Richard_Ngo 22 Mar 2025 5:07 UTC
LW: 6 AF: 5
0
AF
I’ve now edited that section. Old version and new version here for posterity.
Old version:
None of these is very satisfactory! Intuitively speaking, Alice and Bob want to come to an agreement where respect for both of their interests is built in. For example, they might want the EUM they form to value fairness between their two original sets of interests. But adding this new value is not possible if they’re limited to weighted averages. The best they can do is to agree on a probabilistic mixture of EUMs—e.g. tossing a coin to decide between option 1 and option 2—which is still very inflexible, since it locks in one of them having priority indefinitely.

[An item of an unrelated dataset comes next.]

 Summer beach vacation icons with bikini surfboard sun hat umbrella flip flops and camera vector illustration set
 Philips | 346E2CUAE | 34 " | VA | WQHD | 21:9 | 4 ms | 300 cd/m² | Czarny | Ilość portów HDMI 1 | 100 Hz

Based on similar reasoning, Scott Garrabrant rejects the independence axiom. He argues that the axiom is unjustified because rational agents should be able to follow through on commitments they made about which decision procedure to follow (or even hypothetical commitments).
New version:
These are all very unsatisfactory. Bob wouldn’t want #1, Alice wouldn’t want #2, and #3 is extremely non-robust. Alice and Bob could toss a coin to decide between options #1 and #2, but then they wouldn’t be acting as an EUM (since EUMs can’t prefer a probabilistic mixture of two options to either option individually). And even if they do, whoever loses the coin toss will have a strong incentive to renege on the deal.
We could see these issues merely as the type of frictions that plague any idealized theory. But we could also seem them as hints about what EUM is getting wrong on a more fundamental level. Intuitively speaking, the problem here is that there’s no mechanism for separately respecting the interests of Alice and Bob after they’ve aggregated into a single agent. For example, they might want the EUM they form to value fairness between their two original sets of interests. But adding this new value is not possible if they’re limited to (a probability distribution over) weighted averages of their utilities. This makes aggregation very risky when Alice and Bob can’t consider all possibilities in advance (i.e. in all realistic settings).
Based on similar reasoning, Scott Garrabrant rejects the independence axiom. He argues that the axiom is unjustified because rational agents should be able to lock in values like fairness based on prior agreements (or even hypothetical agreements).